*What this task involves*. From the line containing "Elegant Pink Flower" through the last line of the records below, each line is to be repeated exactly; pictures are to be omitted.

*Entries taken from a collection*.
Start of Block
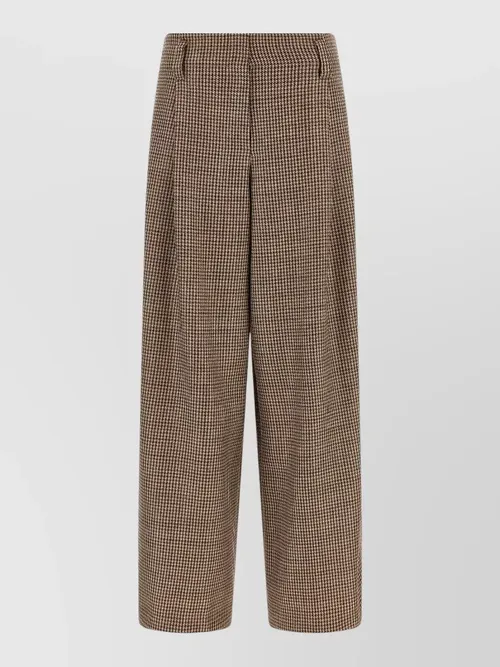 Brunello Cucinelli - prince of wales lamé flared trouser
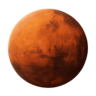 Mars: Red planet with dusty surface and polar ice caps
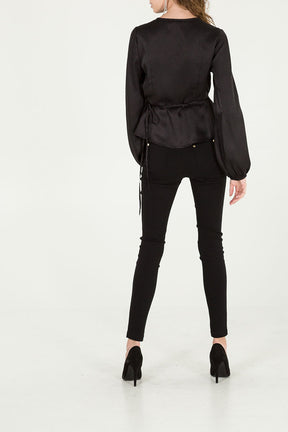 Wrap Front Peplum Top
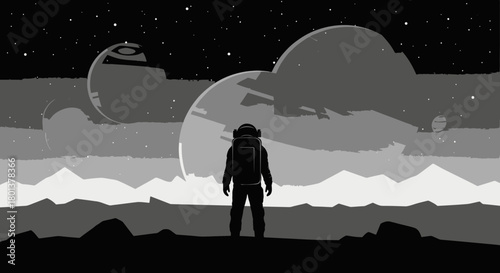 A lone astronaut stands on a desolate alien world, observing distant planets and a star-studded sky, embodying humanity's quest for discovery and the silent majesty of deep space exploration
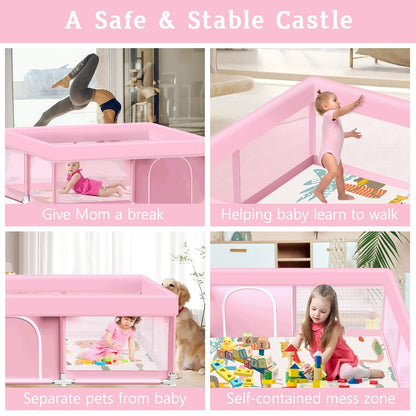 Baby Playpen with Mat, 50x50 Inch Playpen with Mat Waterproof for Babies and Toddlers Play Pen Playards Safety Gate Fence Active Center Indoor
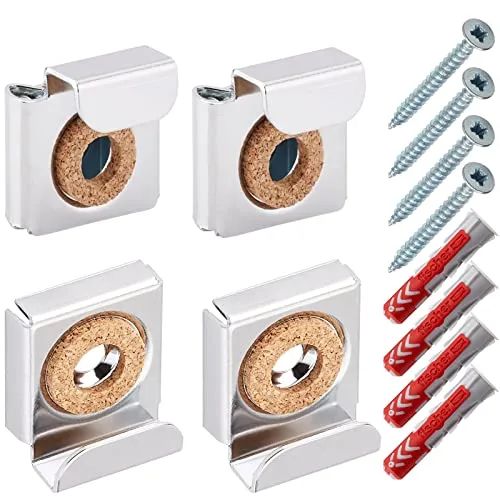Set SOTECH Spiegelklammern für Spiegel bis 6 mm Materialstärke | Bildhalter Tragkraft 15 kg, Wandabstand 9 mm | Spiegelbefestigung Set für das Aufhängen von Spiegeln oder Alu-Dibond Platten 1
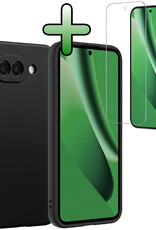 BASEY. BASEY. Google Pixel 10a Hoesje Siliconen Met Screenprotector - Zwart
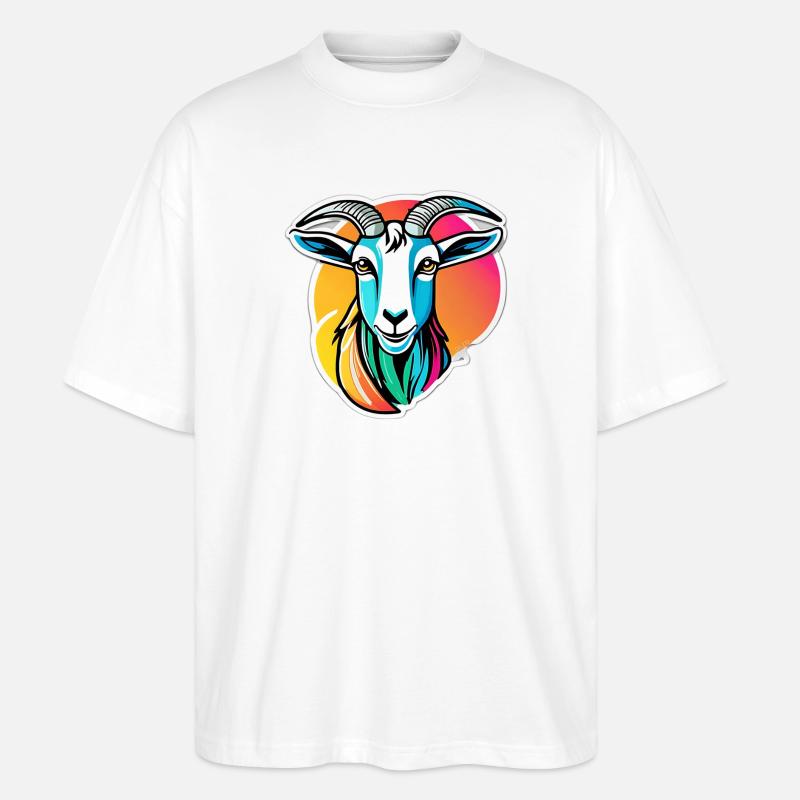Bunte Regenbogenziege - Stanley/Stella Oversized Unisex Bio T-Shirt Blaster 2.0 - Weiß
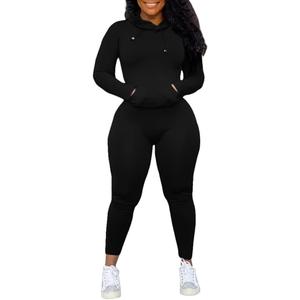 Nimsruc 2 Piece Outfits For Women Sweatsuits Sets Hooded Tracksuit Long Sleeve Pullover Jogger Sweat Pants Set (Black, L)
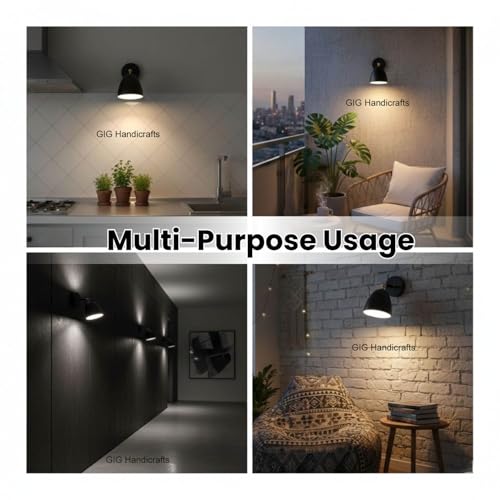 Image of GIG Handicrafts Lighting fixtures Mounted on the wall Study, Living Room, and Bedroom Industrial Sconce, E27 Base Antique wall lamp with Antique Swing Movement arm, Black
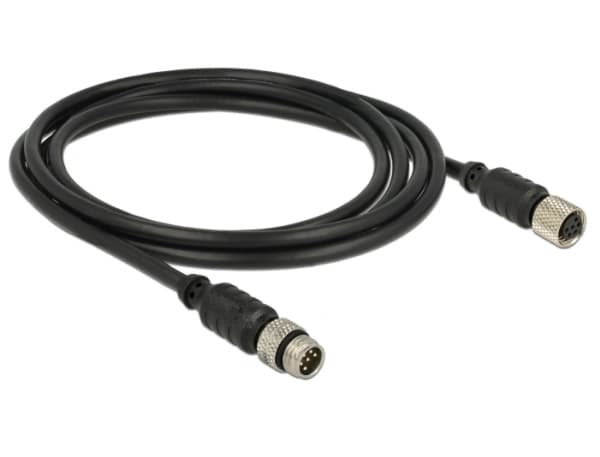 Navilock - GPS-kabel - 6 pin M8 han til 6 pin M8 hun - 3 m - sort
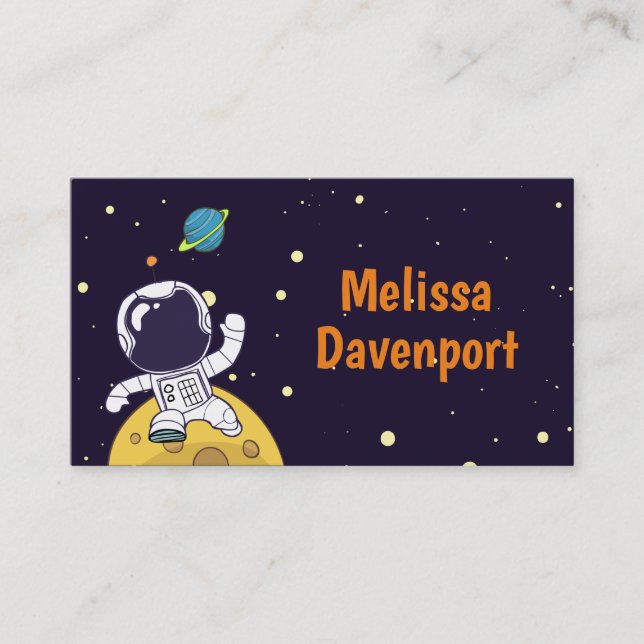 Carte De Visite Un astronaute flotte dans l'espace (Devant)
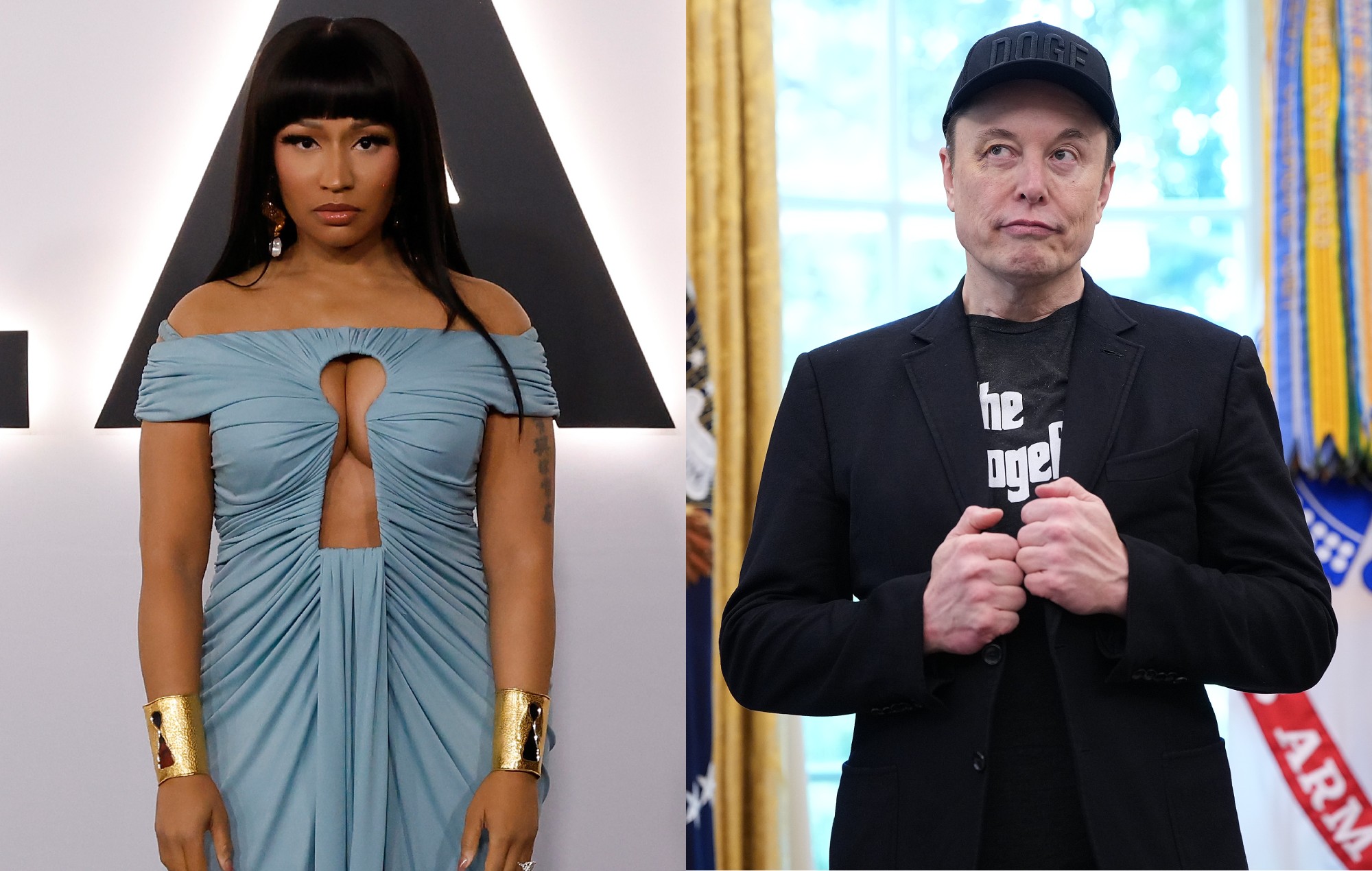 Nicki Minaj and Elon Musk. CREDIT: Taylor Hill/WireImage, Kevin Dietsch/Getty Images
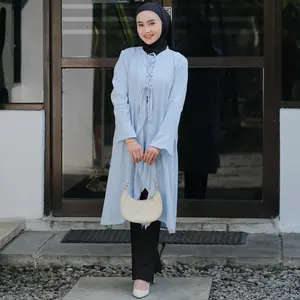 Shenina Long Tunik Polos Lebaran/Outer Polos/ Tunik Outer Jumbo/ Korean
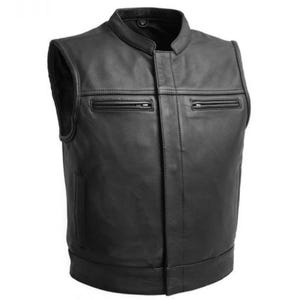 Handgemaakt zwart bikervest voor heren | Leren Biker Hunt Club-vest - gepersonaliseerd cadeau voor motorrijders | Gepersonaliseerde zwart leren bikervest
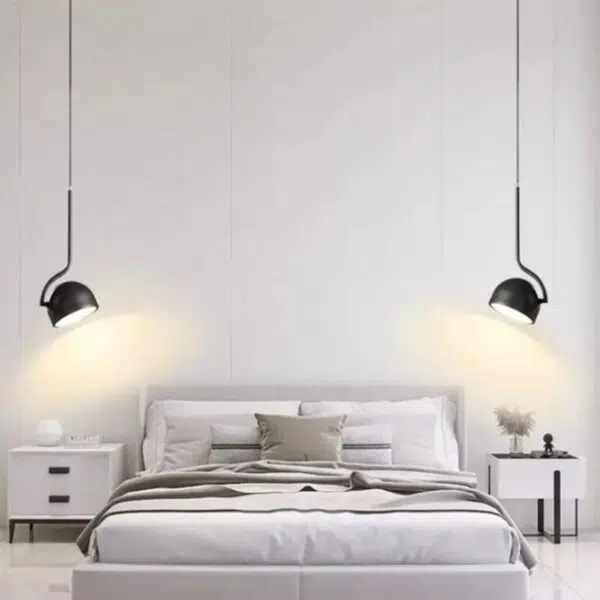Suspension LED contemporaine en métal brossé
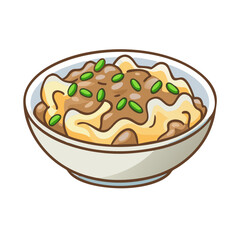 Cartoon Donburi Rice Bowl with Toppings Illustration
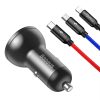Baseus autós töltő 24 W-os kijelzővel + 3 az 1-ben Baseus három színű 1,2 m-es USB kábel
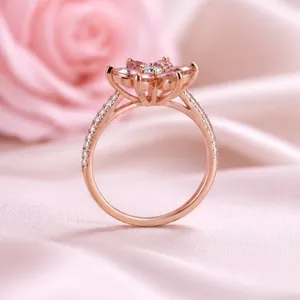 Elegant Pink Flower <b>Ring</b> for Women Gold Plated <b>Crystal</b> Floral <b>Ring</b> Adjustable Fashion Jewelry Gift for Her - Product Image 2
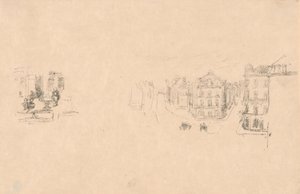 Två skissförsök: A. Grande Rue, Dieppe; B. En interiör av James McNeill Whistler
End of Block
*Result below*.
 Elegant Pink Flower <b>Ring</b> for Women Gold Plated <b>Crystal</b> Floral <b>Ring</b> Adjustable Fashion Jewelry Gift for Her - Product Image 2
 Två skissförsök: A. Grande Rue, Dieppe; B. En interiör av James McNeill Whistler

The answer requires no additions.